Customer Due Diligence for Dummies
Customer Due Diligence (“CDD”) or Know Your Customer (“KYC”) – a daunting topic and task for some. You may ask: What is the difference between CDD and KYC? What does CDD actually entail? What purpose does CDD serve? What are the three different levels of CDD? In this month’s article we will have a look at exactly these questions.
Firstly, what is the difference between CDD and KYC?
We often see the use of the two separate terms, CDD and KYC, being used either interchangeably or as two distinctive terms.
These two terms really are interrelated and there are opposing opinions as to whether KYC is part of CDD or whether CDD is part of KYC.
Anna Stylianou has managed to encapsulate a good basic distinction between the two terms in one of her LinkedIn posts, which distinction was formulated based on the Financial Action Task Force’s (“FATF”) Recommendations and the ACAMS glossary.
The distinction reads as follows:
“KYC refers to the initial identification and verification measures taken by an entity on onboarding to be able to specify what is the “normal and expected” account movement while CDD uses KYC information and applies it taking into consideration the ML/TF/FC (money laundering, terrorist financing and overall financial crime) risk of each and every client.”
Ultimately both KYC and CDD involves the identification and verification of a customer’s identity and the jurisdiction as well as the context of your organization’s Anti-Money Laundering program will inform and define each of the two terms (if the organization elects to use both or just one of the two).
What is CDD and what purpose does it serve?
CDD is an integral component in the fight against financial crime and essentially entails a process whereby information is collected in order for the organization to:
- identify and verify who the organization will be conducting business with;
- understand what what purpose the business relationship will serve;
- assess the level of risk that a particular customer poses to the organization;
- mitigate the established risks posed by a particular customer.
There are various official and unofficial sources that i) provide guidance and recommendations on what CDD is and how to conduct it, and ii) impose a legal obligation on certain organizations to conduct CDD.
From a Dutch perspective for example, the Wet ter voorkoming van witwassen en financieren van terrorisme (“Wwft”) outlines the requirement for certain identified entities to conduct CDD.
There are three levels of CDD:
- Standard Due Diligence
- Simplified Due Diligence and
- Enhanced Due Diligence.
Standard Due Diligence
Standard Due Diligence is performed when an organization has to establish the nature and the purpose of a potential business relationship with a customer and involves the accurate identification and verification of such customer.
It involves the gathering, checking, and recording of basic information such as:
- who the ultimate beneficial owner is;
- whether the customer is acting in a personal or representative capacity; and
- what purpose the business relationship will serve.
in order to determine the risk level of the customer and to establish whether the organization is required to conduct further Enhanced Due Diligence.
Simplified Due Diligence
Simplified Due Diligence is a more basic form of CDD and is typically applied in instances where information on a customer’s identity and beneficial owners are available to the public and where the ML/TF risk that a customer poses is significantly lower.
In instances where a customer is suspected of ML/TF or a specific high risk scenario is relevant to the customer in question, Simplified Due Diligence will not be considered acceptable.
Enhanced Due Diligence
Enhanced Due Diligence pertains to higher or increased risk customers and entails an in-depth investigation into the customer.

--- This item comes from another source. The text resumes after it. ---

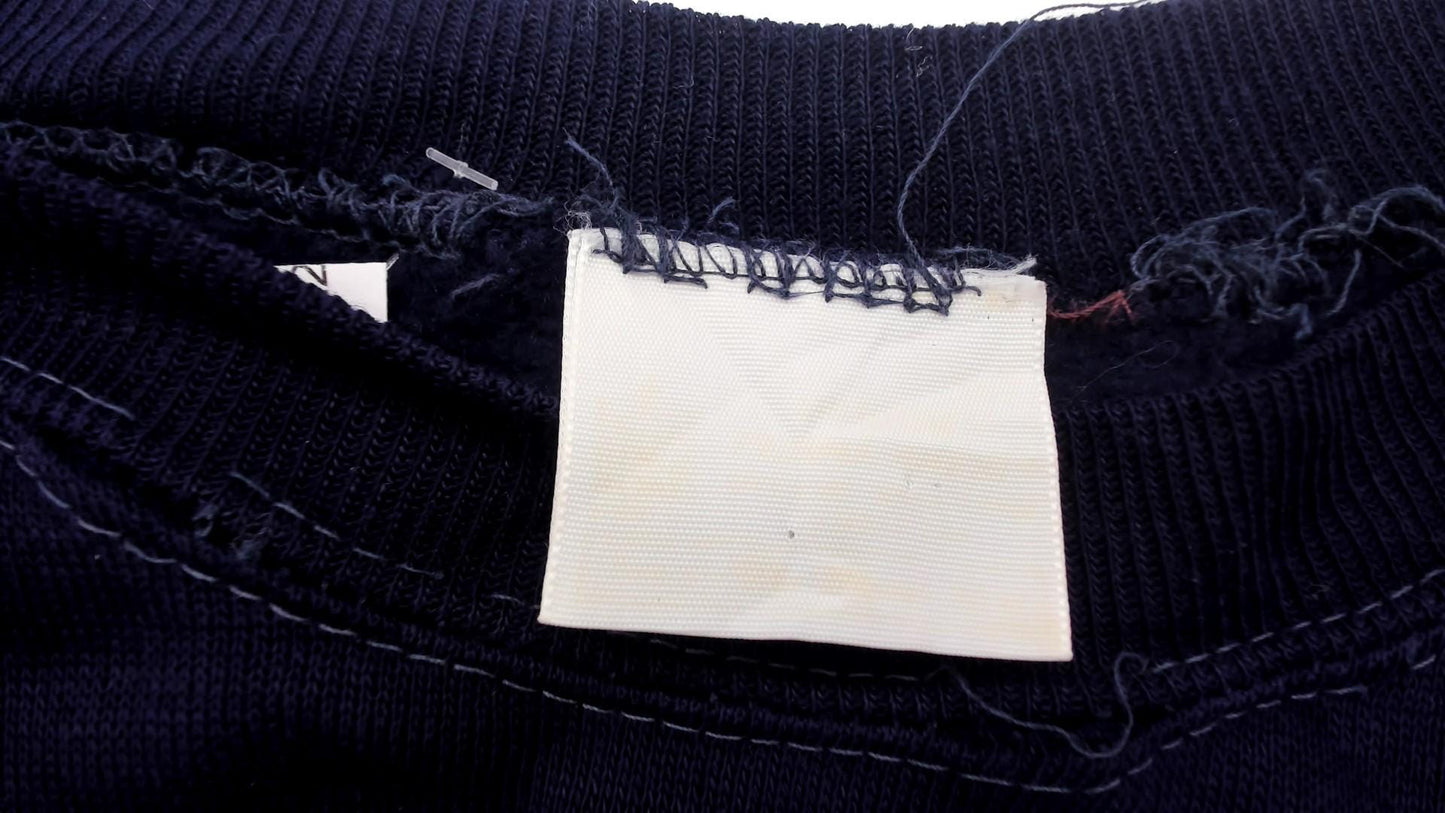 80s Navy Blue Raglan Sweatshirt Crewneck Contrast Topstitching Medium M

Some of these risk factors that may increase the ML/TF risk posed by a customer include:
- The customer is incorporated in/operates in a high risk third country;
- The customer is a politically exposed person (“PEP“), related to a PEP or associated with a PEP;
In the end, the level of CDD to be applied will be determined by the customer’s risk assessment which is informed by numerous factors, including (but not limited to) the type of customer, the products and/or services the customer provides, the jurisdiction in which the country is situated/operates in.